Sonoco is one of Unilever’s key suppliers for bottles and provides a waste management service in North America. The relationship between the two companies includes exchanging best practices, such as waste avoidance and treatment methods for personal care, ice cream and spreads manufacturing sites, spanning different countries. The partnership means that waste is pushed up the hierarchy rather than converting waste to energy. Sonoco is also providing Unilever with innovation by providing reusable packaging for the Country Crock brand in the US.

Holcim, the global building materials company, uses waste from Unilever’s manufacturing process in its cement. The cement industry is responsible for six per cent of global CO2 emissions and has traditionally relied heavily on fossil fuels to generate electricity for their operations. Unilever now sends its residual waste which it can’t find a recycling route for to Holcim who use it as an alternative, and cleaner, fuel.

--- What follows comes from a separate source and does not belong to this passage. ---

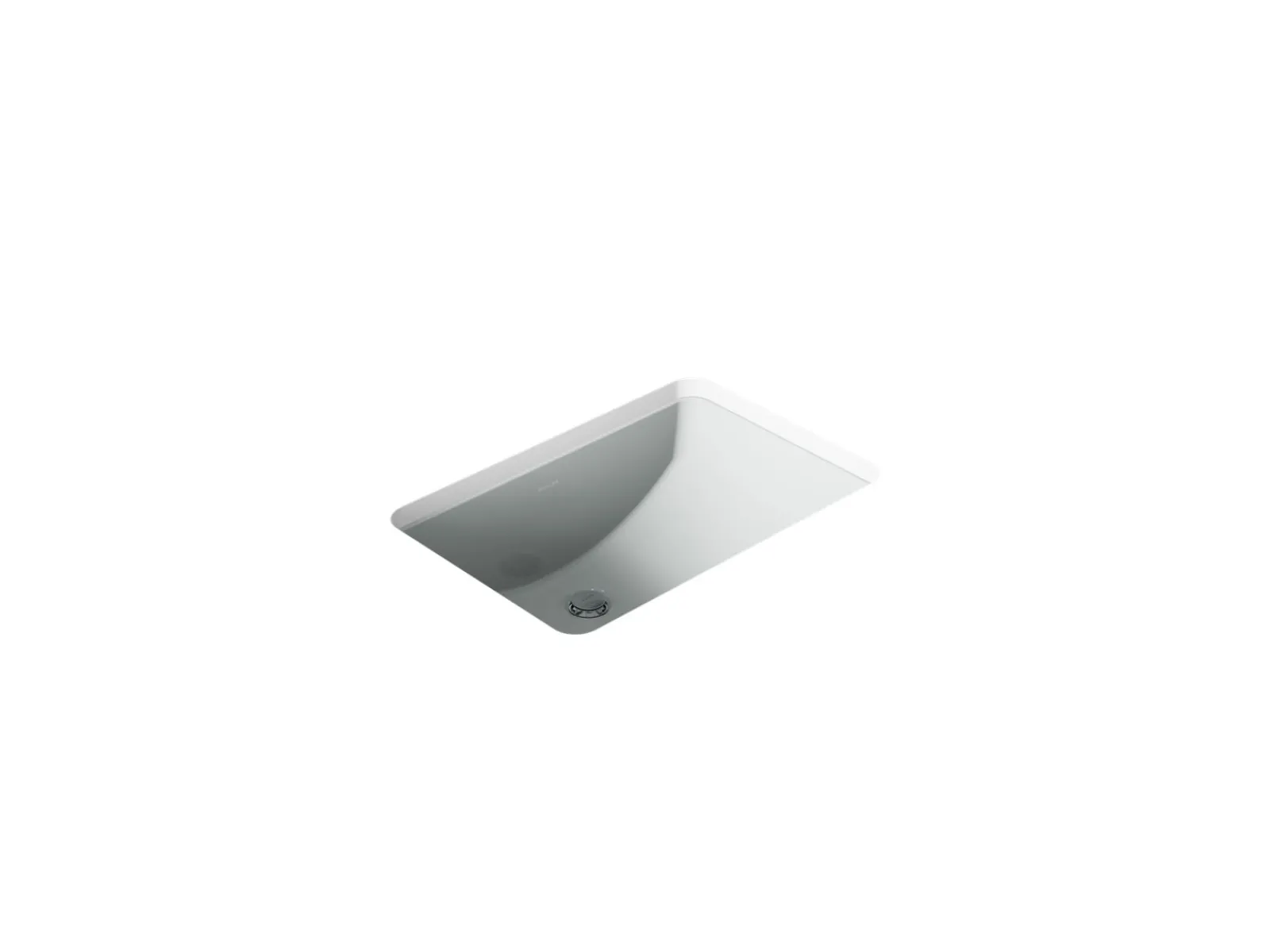 21" rectangular undermount bathroom sink^Kohler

In Mangalore, India, the green team has created its own compost to grow vegetables like pumpkins, green chillies and lemons. The excess compost is used by the wider community and distributed to the local orphanage and homeless shelters.

Some of Unilever’s Partner to Win suppliers were also there to learn about zero waste. The Partner to Win programme, means that Unilever has gone from transactional to strategic relationships with suppliers to create long term business plans for growth.